Si *phirig* a un OS ultérieur installé sur le disque de son Mac, je doute formellement que le _patch_ qui n'a pas marché pour *doudee* puisse marcher chez lui. Voir alors si l'application «DVD Drive Switcher» procède autrement que par le même type de _patch _à la volée du même fichier DVDPlayback...


----------



## valentino59 (12 Décembre 2016)

Fonctionne à merveille avec DVD Drive switcher sur Snow leopard 10.6.8 !


----------



## Louhans (9 Mars 2018)

salut à tou.te.s :--) !

même problème pour moi (exactement le même message d'erreur, etc.), je viens d'essayer de télécharger DVD Drive Switcher, mais mon macbook pro refuse en me disant "Impossible d’ouvrir « DVD Drive Switcher-2 », car cette app provient d’un développeur non identifié.
os préférences de sécurité ne permettent que l’installation d’apps du Mac App Store et de développeurs identifiés."

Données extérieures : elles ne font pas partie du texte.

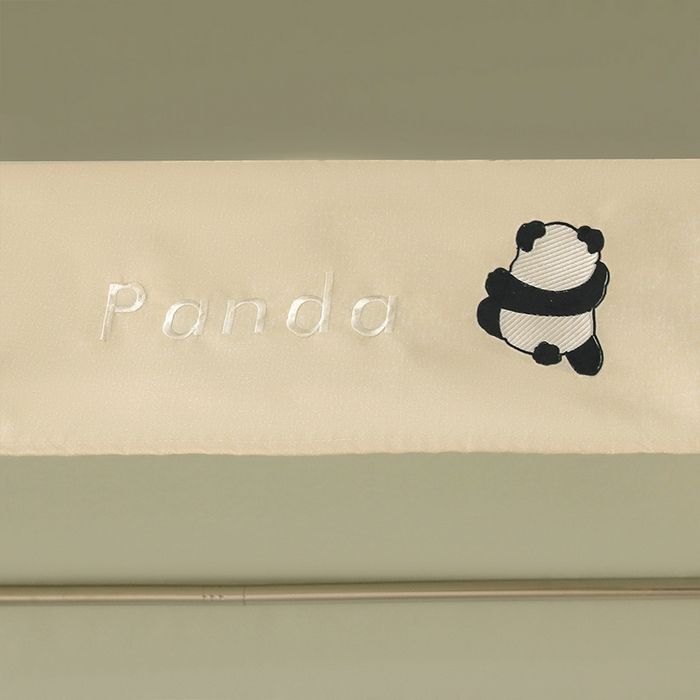 91家纺网 家纺一手货源 找家纺 都市缘蚊帐 2025新款学生宿舍导轨遮光床帘上下铺贴布卡通蚊帐0.8m 0.9m床 熊猫圆圆-豆绿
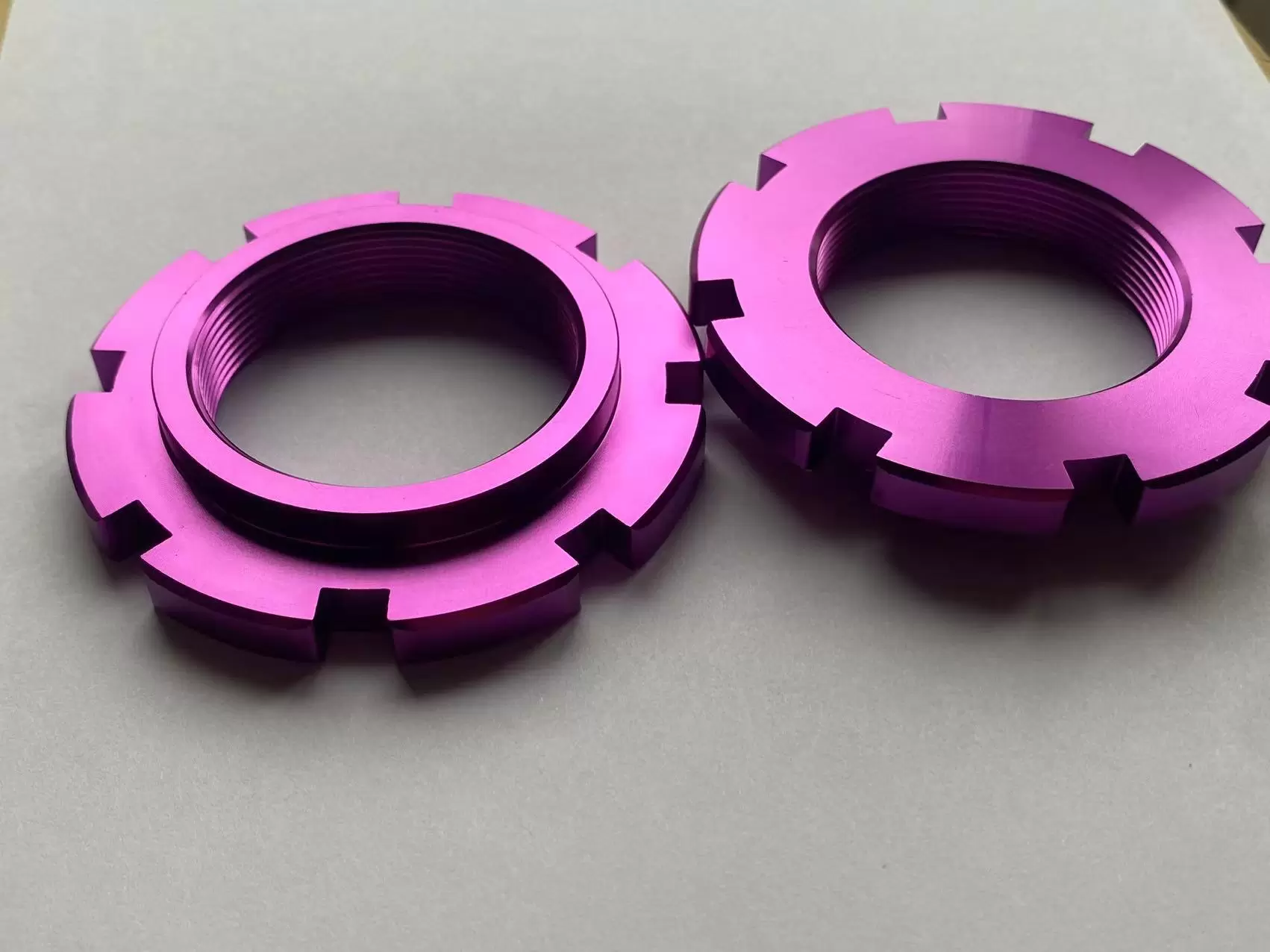 2pcs of M50X1.5 mm,coilove spare parts, aluminum locking nuts, strong ...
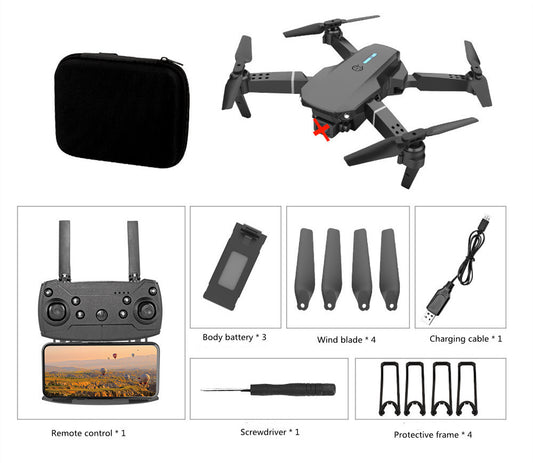 E88 Foldable Drone | High-Definition 4-Axis Aerial Photography Quadcopter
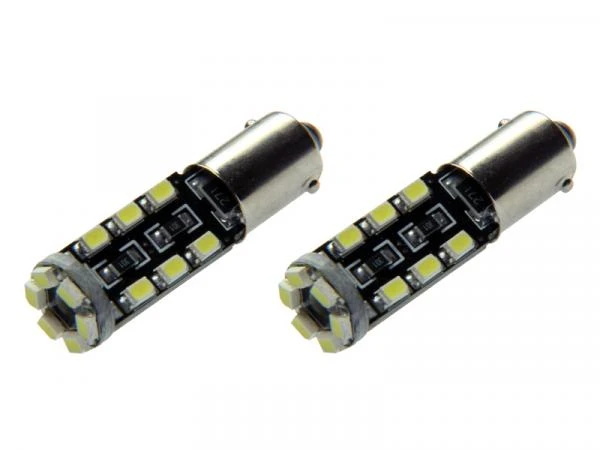 LED Kennzeichenbeleuchtung 2x Ba9s T4W 18x 1210 SMD LED weiß CAN-Bus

je me permets de demander :--) : peut-être quelque chose à changer dans les paramètres de sécurité ? c'est risqué, ou pas, d'y toucher ?


----------



## Locke (9 Mars 2018)

Louhans a dit:


> mais mon macbook pro refuse en me disant "Impossible d’ouvrir « DVD Drive Switcher-2 », car cette app provient d’un développeur non identifié


Tu fais un clic droit sur le fichier et tu sélectionnes Ouvrir.


----------